Footprint or plan view of the ūranga looked to mimic the form of the adjacent escarpment features to convey a sense of fit and continuity with those landforms. The approach did not, ride roughshod over coastal rock outcrops and underwater reefs, so alignment to the escarpment is not absolute. With ecological input, the proposed ūranga avoid high-value seafloor habitat as much as that habitat could be inferred initially, before it was confirmed with underwater cameras and diver footage.

This process demanded adaptability throughout the design process, including in the detailed design when a stand of bull kelp was identified in a proposed ūranga footprint. After consideration of the issue led to governance consensus, the buildout was moved to avoid the existing kelp and the habitat it provides for other marine organisms. To a designer, that is a simple enough solution, an iteration to refine outcomes when more information is known. The design process is endless, and – to borrow a principle from project management – ending is the hardest part.

Reclamation is to be avoided under the New Zealand Coastal Policy Statement 2010 (part of the Resource Management Act 1991 cascade of policies that manage activities in our coastal marine area), and consent is difficult to achieve. However evolving wave data showed it would be challenging to achieve the natural rock revetment between ūranga within the consented footprint.

Ecological Xblocs integrated with cultural artwork. While functionally above the tide, the artwork provides an important conceptual link between sea and land for mana whenua (image by author, August 2024).

Another solution was therefore required to avoid the need for further reclamation consents and impact on seabed habitat. The solution was to use modular concrete units developed in the Netherlands, which could achieve steeper slopes than quarry rock, allowing a fit within the consent footprint. Despite this, the fast-track process had not contemplated the form and effects of these units so a variation to the consent was still required, albeit of a lesser nature. In response, a concept was developed to modify the base unit form and colour, adding coastal character (figure 6), or at least approaching an equivalency of sorts with the consented solution of natural rock revetment. The units are not the same as natural rock, yet they do address matters of landscape in offering visual, experiential and perceptual outcomes along with character.

The layering in of biodiversity drew on a cultural narrative proposed by mana whenua, through which their esteemed artist Len Hetet made visible the guardianship or custodial responsibilities that mana whenua have to the sea, the coast and all entities within these environments.
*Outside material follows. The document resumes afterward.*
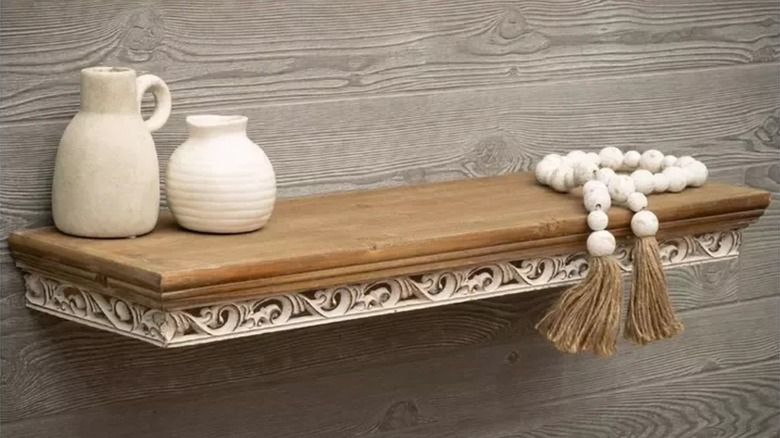Vintage Farmhouse Scrollwork Wood Floating Shelf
This responsibility is real and vital for the project and the relationships therein.

The narrative is understood to refer to the breath of the sea as expressed by the tidal rhythm, and as such to the sea as a living and ancestral entity and source of life and sustenance. Artwork applied through formwork carefully considered negative and positive spaces to enhance ecological value, creating varied niche opportunities to attract a range of species. Thinking grew from the habitat qualities of bull kelp ‘holdfasts’, expressed as running perpendicular to the cultural pattern to create pockets within the concrete of differing depths.
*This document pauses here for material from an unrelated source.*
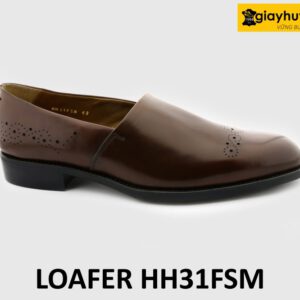 Giày loafer nam mũi tròn đục lỗ họa tiết HH31FSM 001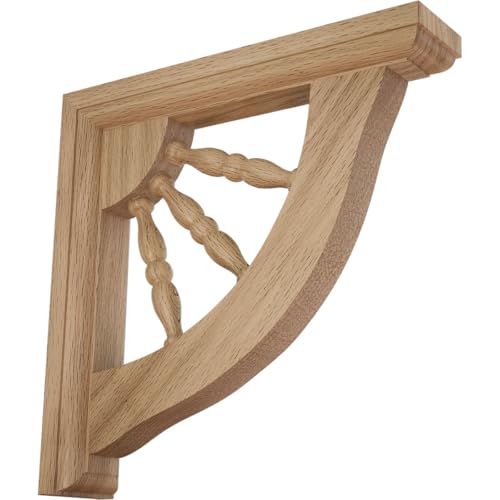 Ekena Millwork BKT01X07X07ADRO Andrea Wagon Wheel Wood Brackets, 1 1/2"W x 7"D x 7"H , Red Oak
An iterative design process with multidisciplinary review ensued between artist, scientist and designer to get the best fit from all perspectives (Bell et al, 2023). The complexities of construction drove further changes to the design, including shifting of the pattern from the inside to the outside faces so that the formwork could be removed.

Constructor input was crucial; indeed, early solutions undertaken without it were abandoned, even though design in that sense is never really abandoned – just adapted and built on. Prior to progression, the coastal engineer required that ecological and cultural enhancements would not undermine the structural competency of the modular unit revetment. Similarly, it was essential for the ornithologist to be confident that kororā (blue penguins) could easily make their way up under the units to nest boxes at crest level without being inadvertently trapped and killed, with consequences for their breeding and viability in the harbour.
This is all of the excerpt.